Security Systems Standards and Certification Act - SSSCA
To be proposed to the American Senate, a draft of it emerged in September 7, 2001, this bill would require that no digital appliances, from
CD players to personal computers could be made avaliable in the USA that would not conform to certain
copyright protection technologies. In other words: mandatory copy protection in every consumer eletronics, covering all kinds of media, from e-books (text), music and video.
Selling a device that would not conform with
certain federal content protection technologies, to be
adopted within 12 months of the bill passing, could raise charges of up to US$500,000 in fines and 5 years in prison.
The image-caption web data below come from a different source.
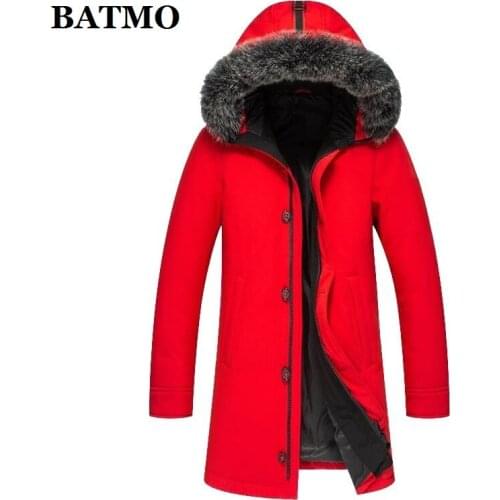 BATMO 90% white duck down&fox fur collar hooded jackets men,mens winter down jackets,thicked warm coat,plus-size M-XXXL 9007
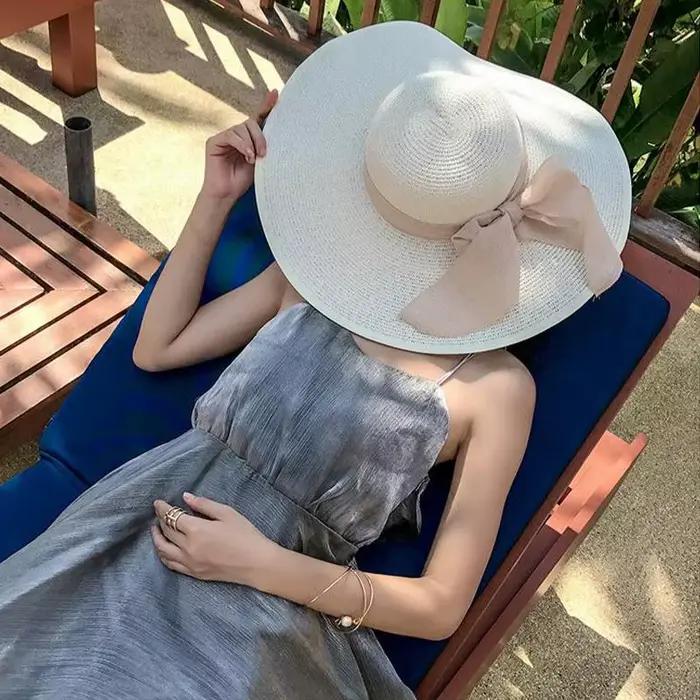 Chapeau pliable en paille pour femme
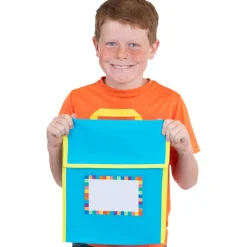 Store More® Medium Book Pouches And Labels - Neon Colors - Set Of 12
Some excerpts from the draft presented:
Sec. 101: Prohibition of Certain Devices
(a) In General -- It is unlawful to manufacture, import, offer to the public, provide or otherwise traffic in any interactive digital device that does not include and utilize certified security technologies that adhere to the security system standards adopted under section 104.
Sec. 103: Prohibited Acts
(a) Removal or Alteration of Security -- No person may --
(1) remove or alter any certified security technology in an interactive digital device; or
(2) transmit or make available to the public any copyrighted material or other protected content where the security measure associated with a certified security technology has been removed or altered.
Source for these:
The effects of such a legislation in the field of
personal computing would be, IMHO, its complete
death. In part because there is no way to conceive
a free software operating system to ship with unremovable
content control technologies, without taking away its
freedom, but also, I don't think it's possible for one to be able to program a computer without having the power
to violate such protected content. Thus programing might
just as well be ilegal. At least programing your own
operating system would.
Effectively what today are personal computers would probably become network appliances for internet shopping and pay per view film watching, coming with
pre-installed proprietary software.
In certain aspects, the bill is a "natural" follow up to the DMCA and is sponsored by Senator Fritz Hollings (D, S.C.), chairman of the Senate Commerce committee, and Senator Ted Stevens (R, Alaska).